0
votes

The following example is taken from the Donovan/Kernighan book:

func makeThumbnails6(filenames <-chan string) int64 {
    sizes := make(chan int64)
    var wg sync.WaitGroup // number of working goroutines
    for f := range filenames {
        wg.Add(1)
        // worker
        go func(f string) {
            defer wg.Done()
            thumb, err := thumbnail.ImageFile(f)
            if err != nil {
                log.Println(err)
                return
            }
            info, _ := os.Stat(thumb) // OK to ignore error
            sizes <- info.Size()
        }(f)
    }
    // closer
    go func() {
        wg.Wait()
        close(sizes)
    }()
    var total int64
    for size := range sizes {
        total += size
    }
    return total
}

And the book states:

"These two operations, wait and close, must be concurrent with the loop over sizes. Consider the alternatives: if the wait operation were placed in the main goroutine before the loop, it would never end"

This is what I do not understand - if they are not put in separate goroutine, then wg.Wait will block the main goroutine, so close(sizes) will happen when all other goroutines finished. Closing the sizes channel will still allow the loop to read all the already sent messages/ from channel, right?

1

1 Answers

1
votes

Closing the sizes channel will still allow the loop to read all the already sent messages/ from channel, right?

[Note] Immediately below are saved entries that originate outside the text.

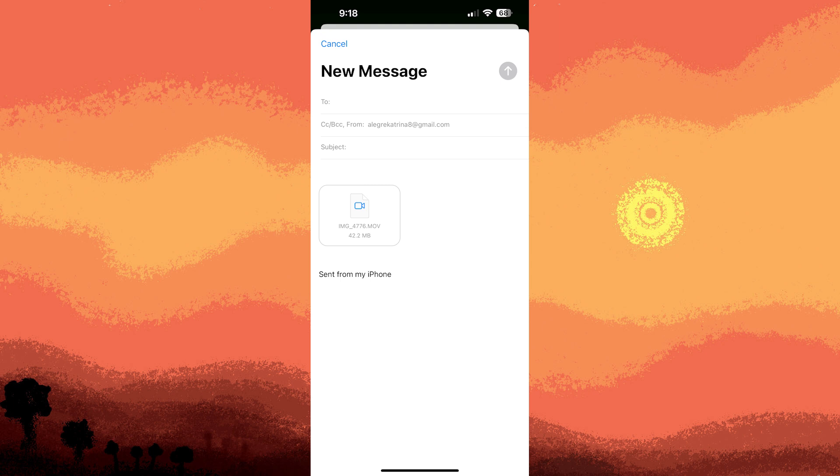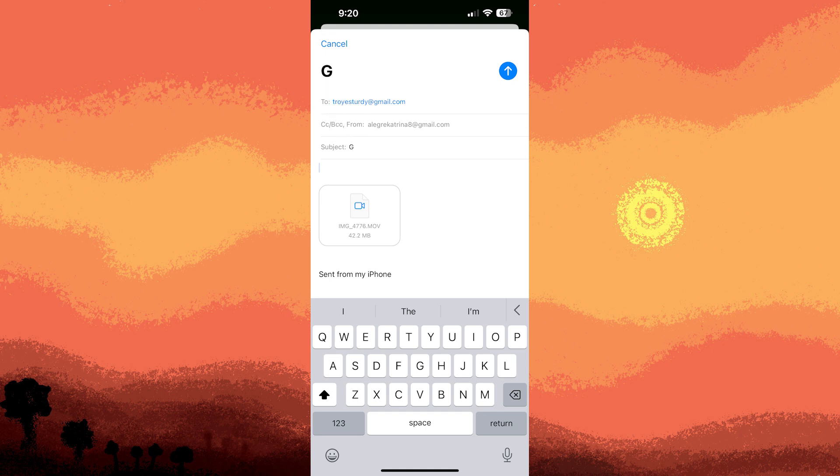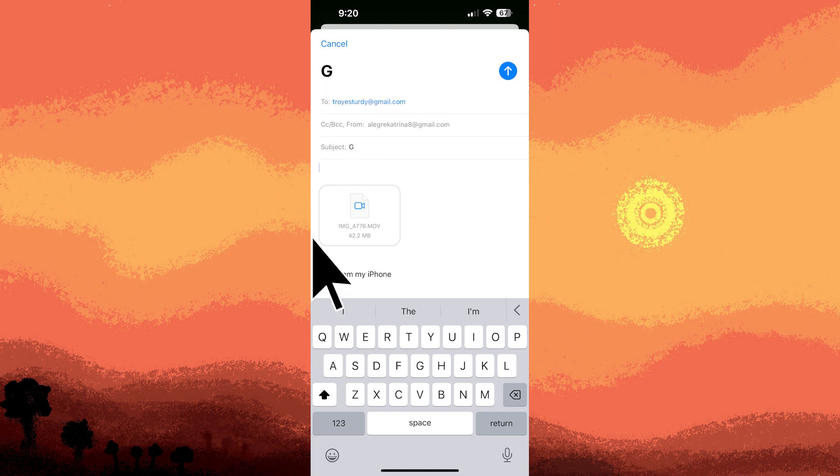Enter the recipient's email address in the to field. You can also add a subject and message if you desire. Then once all finished, tap send in the top right corner to send the email with the attached video.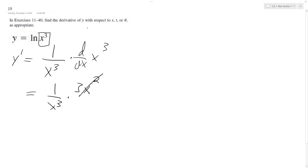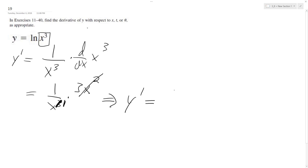What happens here is the x squared cancels out and x cubed becomes just x to the 1. So ultimately, y prime, or dy/dx, is equal to 3 over x. And that's it.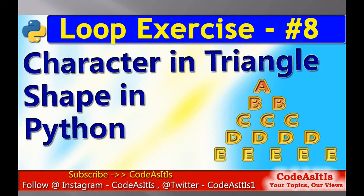Welcome to CodeAsItIs, your topics, our views. In continuation of the loop exercise, today we will check how to print this character in a triangle shape.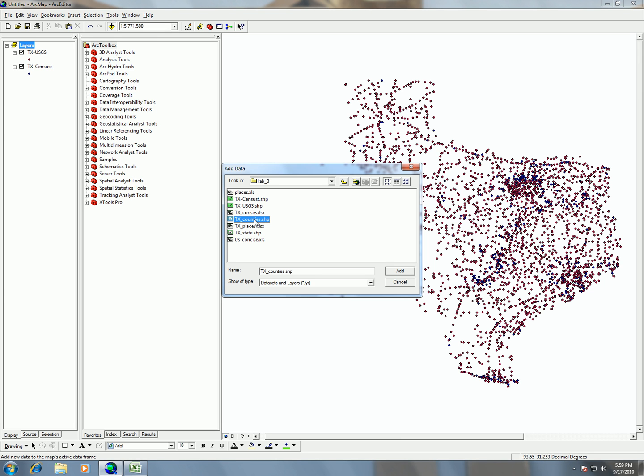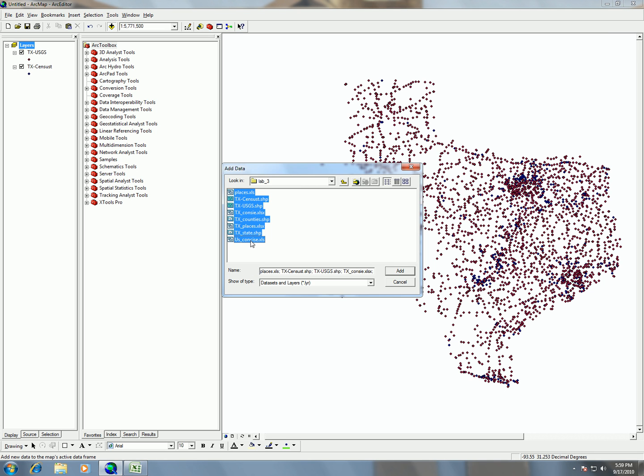One thing you can do with adding data is that you can add multiple data layers at the same time. So I can click on Texas counties and then if I hold down the control button and click on Texas state it's going to select both of them. Or I can do something like select all of them by clicking on the first one and then shift clicking on the last one.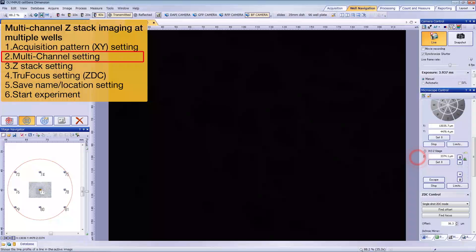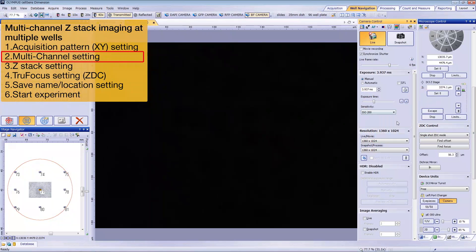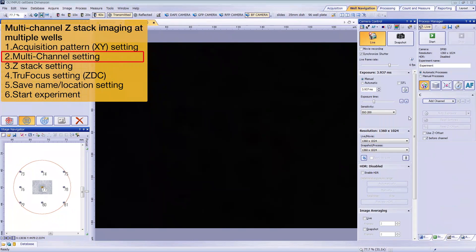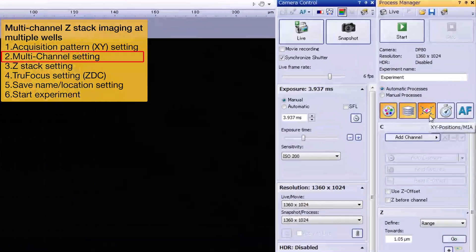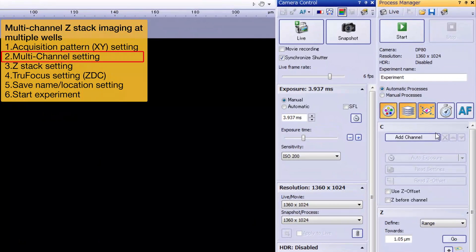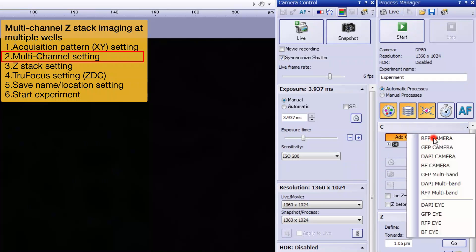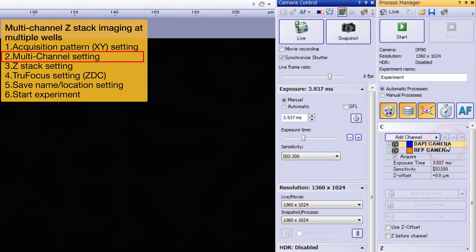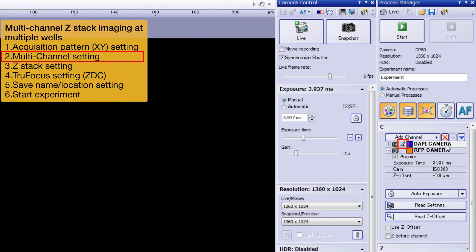Now we'll enter the acquisition settings. Open the Process Manager tool window. Click the Multi-Channel, Z-Stack, and XY Positions MIA icons to enable them. Time-lapse is also available, but we'll skip it here to save time. Assign DAPI and RFP channels. Click on the DAPI channel. The microscope icon indicates that your system is ready to acquire DAPI.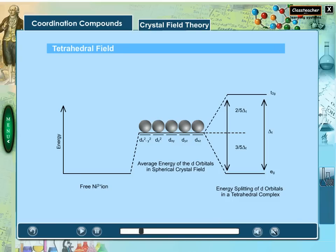Complete the d orbital splitting in a tetrahedral field by dragging the respective orbitals as indicated.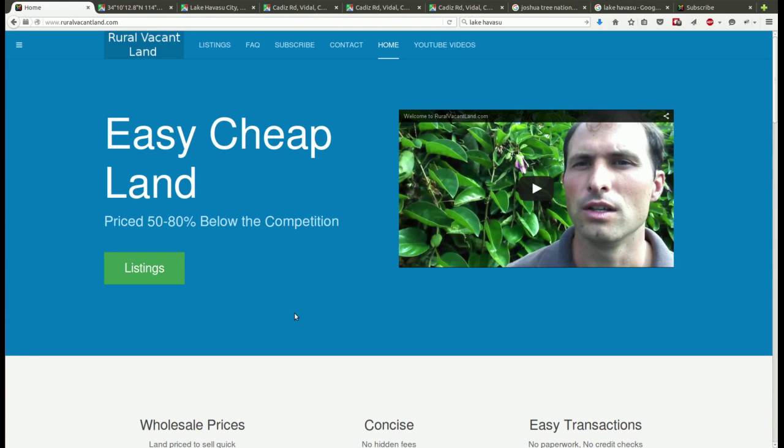Greetings and welcome to RuralVacantLand.com where we have easy cheap land priced at 50 to 80 percent below the competition. Today I've got up for sale 20 acres off Cadiz Road in Southern California.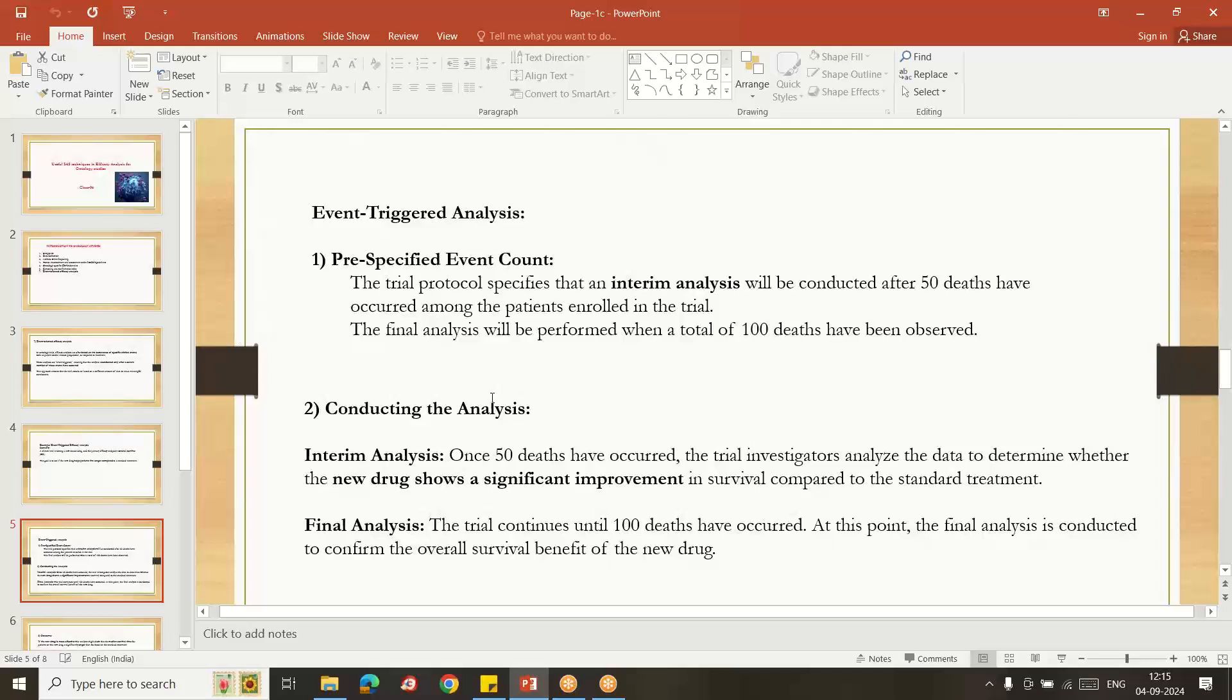Why we are conducting this type of event-oriented study or interim analysis and final analysis? Because once 50 subjects were died, then we can know whether our drug is really working or not by using the statistical method. Then we can conclude whether we can continue the study...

Yes, but that's not the problem. All goroutines are waiting to read from channels (and therefore, nobody will ever write to them). So the process will deadlock if sizes is unbuffered. For the workers to complete, something needs to read from it. For wg.Wait() to complete, the workers need to complete.

But also, the range sizes can't complete (eg find an empty, closed channel) until close(sizes) happens, which can't complete until the workers are complete (because they're the ones writing to sizes).

So it's wg.Wait() and close(sizes) both have to complete before range sizes that happen concurrently.